When a computer system fails to process requests in a timely manner, users such as administrative users of the computer system, may analyze data about the requests to determine if there is a trend that can be fixed to improve processing of the requests. Sifting through data about processes that were executed and attempting to detect patterns and deduce potential remedies is a complex and time-consuming process. Analyzing large volumes of rows of data might not help an ordinary user to reliably detect any trend at all. As a result, users often fail to detect underlying problems that could be fixed to improve processing of the requests.
In some embodiments, a process management system, method, and article are provided for generating and configuring aggregate span graphs to analyze process monitoring data. The process management system receives process monitoring data reporting on different instances of same and different processes. The process management system uses the process monitoring data to generate a structured object that identifies spans of processing time corresponding to processes involved in handling requests. The structured object includes, for each span: a unique identity of the span, a name of a process corresponding to the span, if the process was initiated by a parent, an identity of the parent, and a time during which the process ran. Using the structured object, the process management system generates a graph including sections. Each section represents spans having a process initiation path corresponding to the section and has a section width determined using an aggregate metric of spans in the section. The graph shows child spans stacked on parent spans.
In one embodiment, a computer-implemented method includes receiving process monitoring data that includes a first set of process monitoring data reporting on a first instance of a first process that handled part of a first request and a second set of process monitoring data reporting on a first instance of a second process that handled part of the first request. The first set of process monitoring data includes a first run time of the first instance of the first process, and the second set of process monitoring data includes a second run time of the first instance of the second process. The process monitoring data also includes a third set of process monitoring data reporting on a second instance of a first process that handled part of a second request and a fourth set of process monitoring data reporting on a second instance of a second process that handled part of the second request. The third set of process monitoring data comprises a third run time of the second instance of the first process, and the fourth set of process monitoring data comprises a fourth run time of the second instance of the second process. The computer-implemented method includes using the process monitoring data to generate a structured object that identifies a plurality of spans of processing time corresponding to a plurality of processes handling a plurality of parts of requests. The structured object includes, for each span, of the plurality of spans, corresponding to a process of the plurality of processes: a unique identity of the span, a name of the process corresponding to the span, if the process was initiated by a parent process, an identity of a parent span corresponding to the parent process, and a time during which the process ran. Based at least in part on the structured object, the computer-implemented method generates a graph including a plurality of sections. Each section of the plurality of sections represents spans having a process initiation path corresponding to the section. A width of the section is based at least in part on an aggregate metric for spans having the process initiation path corresponding to the section. The graph comprises sections corresponding to child spans stacked on other sections corresponding to parent spans.

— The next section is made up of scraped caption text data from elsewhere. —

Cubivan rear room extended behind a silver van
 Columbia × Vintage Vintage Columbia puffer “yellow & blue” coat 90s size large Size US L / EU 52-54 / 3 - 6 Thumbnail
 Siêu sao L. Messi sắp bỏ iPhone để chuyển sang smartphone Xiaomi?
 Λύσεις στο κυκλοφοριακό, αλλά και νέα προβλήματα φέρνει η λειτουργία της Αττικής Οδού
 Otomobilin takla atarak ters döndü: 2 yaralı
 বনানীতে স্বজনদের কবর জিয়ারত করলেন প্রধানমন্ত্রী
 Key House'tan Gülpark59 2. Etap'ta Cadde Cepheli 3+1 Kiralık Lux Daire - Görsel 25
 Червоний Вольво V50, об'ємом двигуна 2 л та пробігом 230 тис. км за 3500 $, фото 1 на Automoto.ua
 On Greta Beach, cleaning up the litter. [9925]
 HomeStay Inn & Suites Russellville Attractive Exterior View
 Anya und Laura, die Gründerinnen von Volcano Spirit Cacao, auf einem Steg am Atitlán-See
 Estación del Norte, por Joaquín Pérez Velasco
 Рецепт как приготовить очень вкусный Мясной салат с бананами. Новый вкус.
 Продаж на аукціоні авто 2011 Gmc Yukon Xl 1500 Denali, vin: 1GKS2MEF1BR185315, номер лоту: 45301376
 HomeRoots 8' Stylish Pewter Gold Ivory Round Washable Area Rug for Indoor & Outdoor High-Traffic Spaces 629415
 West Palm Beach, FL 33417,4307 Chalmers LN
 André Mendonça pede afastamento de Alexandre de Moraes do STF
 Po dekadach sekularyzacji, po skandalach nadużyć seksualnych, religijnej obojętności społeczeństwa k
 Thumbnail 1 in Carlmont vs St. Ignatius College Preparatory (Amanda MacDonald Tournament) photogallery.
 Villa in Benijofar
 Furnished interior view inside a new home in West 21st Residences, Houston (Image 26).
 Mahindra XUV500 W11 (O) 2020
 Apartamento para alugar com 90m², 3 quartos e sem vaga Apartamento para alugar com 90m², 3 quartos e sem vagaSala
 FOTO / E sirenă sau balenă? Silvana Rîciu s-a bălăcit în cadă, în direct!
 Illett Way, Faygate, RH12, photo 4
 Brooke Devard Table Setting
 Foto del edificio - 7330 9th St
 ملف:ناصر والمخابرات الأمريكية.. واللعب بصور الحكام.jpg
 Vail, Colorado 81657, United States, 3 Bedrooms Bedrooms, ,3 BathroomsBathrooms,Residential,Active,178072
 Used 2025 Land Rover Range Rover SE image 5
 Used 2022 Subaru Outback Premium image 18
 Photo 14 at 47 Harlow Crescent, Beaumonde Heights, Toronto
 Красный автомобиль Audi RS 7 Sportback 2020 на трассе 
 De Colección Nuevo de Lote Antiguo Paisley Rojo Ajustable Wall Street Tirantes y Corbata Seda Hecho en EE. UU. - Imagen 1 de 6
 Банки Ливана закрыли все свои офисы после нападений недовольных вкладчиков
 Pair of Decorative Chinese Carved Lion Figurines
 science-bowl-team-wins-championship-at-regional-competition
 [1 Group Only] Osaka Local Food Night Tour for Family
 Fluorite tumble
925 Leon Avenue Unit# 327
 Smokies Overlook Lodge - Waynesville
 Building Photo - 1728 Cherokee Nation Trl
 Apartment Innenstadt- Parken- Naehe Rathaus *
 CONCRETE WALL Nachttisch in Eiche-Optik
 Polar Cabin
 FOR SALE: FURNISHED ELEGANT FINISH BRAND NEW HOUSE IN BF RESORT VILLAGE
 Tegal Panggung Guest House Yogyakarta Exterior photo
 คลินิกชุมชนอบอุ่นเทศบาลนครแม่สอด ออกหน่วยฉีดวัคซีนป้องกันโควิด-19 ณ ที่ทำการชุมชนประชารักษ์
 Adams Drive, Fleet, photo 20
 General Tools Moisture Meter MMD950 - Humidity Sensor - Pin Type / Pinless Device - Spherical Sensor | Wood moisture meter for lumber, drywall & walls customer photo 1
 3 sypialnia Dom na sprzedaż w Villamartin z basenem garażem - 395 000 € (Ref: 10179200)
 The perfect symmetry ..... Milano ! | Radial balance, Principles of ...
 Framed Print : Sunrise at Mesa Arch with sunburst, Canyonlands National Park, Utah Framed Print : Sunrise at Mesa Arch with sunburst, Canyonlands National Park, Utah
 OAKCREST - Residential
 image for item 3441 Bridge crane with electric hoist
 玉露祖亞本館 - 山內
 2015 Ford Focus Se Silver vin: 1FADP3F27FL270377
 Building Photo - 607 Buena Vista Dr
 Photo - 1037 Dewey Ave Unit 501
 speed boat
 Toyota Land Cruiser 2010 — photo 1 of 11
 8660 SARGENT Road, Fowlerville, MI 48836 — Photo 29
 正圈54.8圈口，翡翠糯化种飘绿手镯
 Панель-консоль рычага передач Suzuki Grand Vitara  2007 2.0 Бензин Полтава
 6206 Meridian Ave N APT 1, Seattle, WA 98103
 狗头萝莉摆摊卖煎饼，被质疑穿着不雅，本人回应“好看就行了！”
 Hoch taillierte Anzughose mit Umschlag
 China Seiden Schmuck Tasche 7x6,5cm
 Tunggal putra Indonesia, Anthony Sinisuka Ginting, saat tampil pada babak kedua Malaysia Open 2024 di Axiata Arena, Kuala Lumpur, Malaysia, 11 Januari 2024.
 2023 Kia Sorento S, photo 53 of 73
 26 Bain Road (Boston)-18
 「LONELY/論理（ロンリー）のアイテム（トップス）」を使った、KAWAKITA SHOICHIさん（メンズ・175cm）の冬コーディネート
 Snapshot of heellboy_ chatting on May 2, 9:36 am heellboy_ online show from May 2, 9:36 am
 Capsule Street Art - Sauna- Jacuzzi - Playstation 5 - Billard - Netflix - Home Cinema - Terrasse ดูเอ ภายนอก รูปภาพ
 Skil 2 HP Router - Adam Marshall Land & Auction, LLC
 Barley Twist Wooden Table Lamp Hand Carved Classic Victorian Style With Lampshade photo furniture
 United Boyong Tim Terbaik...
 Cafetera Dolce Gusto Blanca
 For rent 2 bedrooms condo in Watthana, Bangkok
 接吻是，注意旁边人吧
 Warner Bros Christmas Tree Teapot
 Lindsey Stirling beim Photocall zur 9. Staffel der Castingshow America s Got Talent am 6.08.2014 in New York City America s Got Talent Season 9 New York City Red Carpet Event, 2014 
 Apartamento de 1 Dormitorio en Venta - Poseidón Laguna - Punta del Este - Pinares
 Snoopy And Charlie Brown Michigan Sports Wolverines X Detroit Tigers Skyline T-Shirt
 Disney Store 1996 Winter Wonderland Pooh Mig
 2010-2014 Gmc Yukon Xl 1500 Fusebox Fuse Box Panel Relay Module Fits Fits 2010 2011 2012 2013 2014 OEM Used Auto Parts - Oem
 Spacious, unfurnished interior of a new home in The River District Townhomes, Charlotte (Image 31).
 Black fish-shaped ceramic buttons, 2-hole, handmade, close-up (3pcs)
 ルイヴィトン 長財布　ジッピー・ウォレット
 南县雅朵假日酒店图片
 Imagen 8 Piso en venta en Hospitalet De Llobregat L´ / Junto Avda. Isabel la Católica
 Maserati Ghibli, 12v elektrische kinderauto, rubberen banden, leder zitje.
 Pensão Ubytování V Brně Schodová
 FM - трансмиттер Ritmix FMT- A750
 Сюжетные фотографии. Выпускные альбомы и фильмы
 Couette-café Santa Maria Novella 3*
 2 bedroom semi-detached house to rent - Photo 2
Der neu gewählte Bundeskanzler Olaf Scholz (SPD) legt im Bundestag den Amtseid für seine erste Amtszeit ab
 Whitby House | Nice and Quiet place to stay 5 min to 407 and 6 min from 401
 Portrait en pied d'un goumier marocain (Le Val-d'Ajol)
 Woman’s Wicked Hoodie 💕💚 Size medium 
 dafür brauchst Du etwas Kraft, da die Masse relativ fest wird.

In a further embodiment, the computer-implemented method includes receiving a selection of an option to filter out parallel spans from the graph, and, based on the selection, filtering, from the graph, one or more particular spans that are parallel to one or more other spans based on one or more processes corresponding to the one or more particular spans not independently contributing to a total runtime of request handling. The filtering is performed without filtering, from the graph, one or more particular other spans that are not parallel to one or more other spans based on one or more other processes corresponding to the one or more other particular spans independently contributing to the total runtime of request handling.
In the same or a different embodiment, the computer-implemented method further includes showing, in a first region of the graph, one or more particular spans that are parallel to one or more other spans based on one or more processes corresponding to the one or more particular spans not independently contributing to a total runtime of request handling. In this embodiment, the computer-implemented method includes showing, in a second region of the graph, one or more other spans that are not parallel to other spans based on one or more other processes corresponding to the one or more particular other spans independently contributing to the total runtime of request handling.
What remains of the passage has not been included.